Urging Church Leaders to Speak Out on Issues of Social Justice, Human Dignity, and Community Service
The values of Catholic social teaching on these subjects provide a strong basis for bonding with non-Catholic providers committed to community service. Unfortunately, many potential partners are not aware of the Church's position on social issues. The general public hears mostly about sexual morality and the rights of women, resulting in a skewed public image of the Church. As a consequence, it will be necessary to educate potential partners about the full spectrum of Catholic values. Over the long term, sponsors will need to work with Church leaders to send a strong message on all the moral issues of our times.
Attending to the Painful Human Costs of Massive Change
Layoffs, restructured roles, loss of income, and other unsettling changes will have a heavy impact on employees and physicians. During these difficult times, sponsors will need to help people understand why change is necessary and how it relates to the mission.
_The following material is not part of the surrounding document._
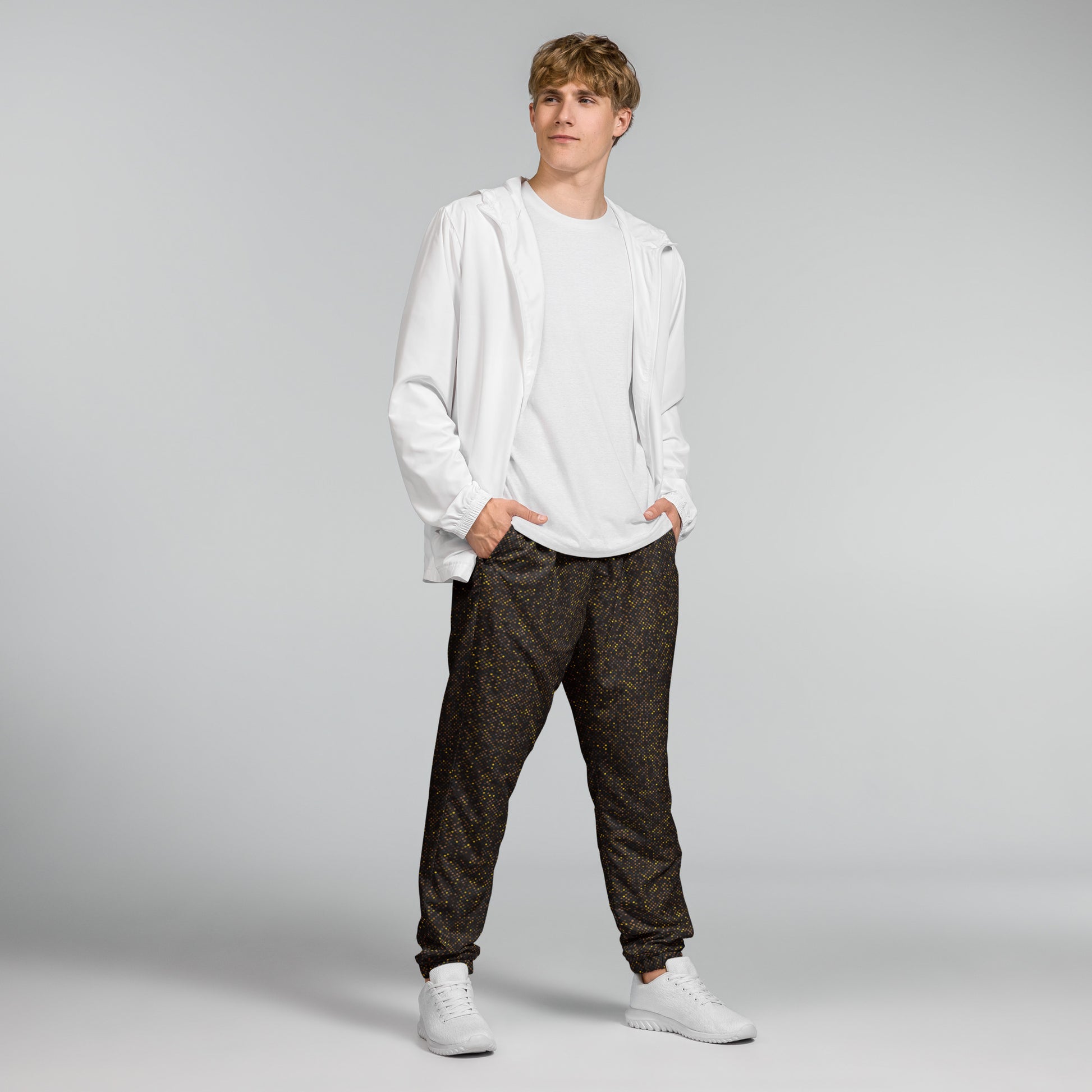 Men's Torren Dotted Track Pants - Mirfia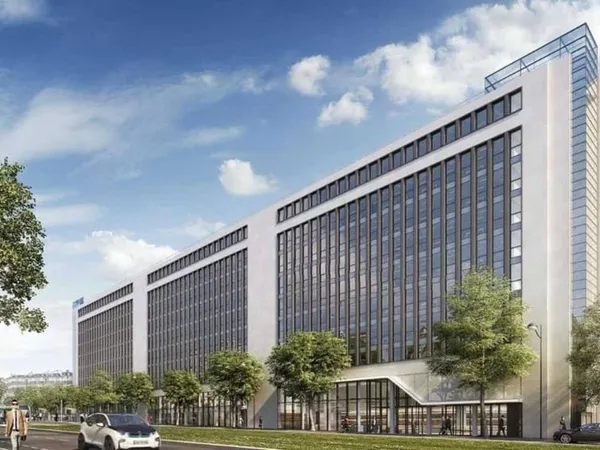 Bureaux 3194 m²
Examining a Range of Fundamental Changes Jarring Religious Life
The restructuring of healthcare coincides with a major transformation of religious life in the developed world. As they grapple with the restructuring of healthcare, congregations are also wondering about the future of religious communities, reexamining their identity, and exploring alternative models of sponsorship. They are testing new ministries and applying new tools to old ones. Women religious, in particular, need to discuss all these changes, placing the changes in healthcare in the broader context of the transformation of religious life.
Developing Lay Leaders
During the last decade Catholic healthcare began to move along a path that may eventually lead to lay sponsorship. In collaborative arrangements, laypersons have assumed increasing responsibility for governance and management of the ministry. For this trend to play out successfully — especially in an organization as complex as an IDS — it is vital that we develop lay leaders capable of exerting the influence of Catholic values on their institutions.
Opportunities and Risks
The forces of change in American healthcare are in full swing. The place of Catholic healthcare in the new system will depend on what we do today. The future is appealing because it offers us the opportunity to realize a holistic healing ministry and to achieve broad collaboration with non-Catholics who share our values. It also presents us with significant risks because we will have to share control of our institutions and participate in new services. The future calls us to participate in large organizations, what some might call "big business." Most important, the future calls us to impress on the rock on which the new healthcare system will be built the values of human dignity, stewardship, social justice, collaboration, and excellence.
Sr. Hughes is president, Sisters of Mercy, Regional Community of Burlingame, CA, and Mr. Berg is vice president, system services, Catholic Healthcare West, San Francisco.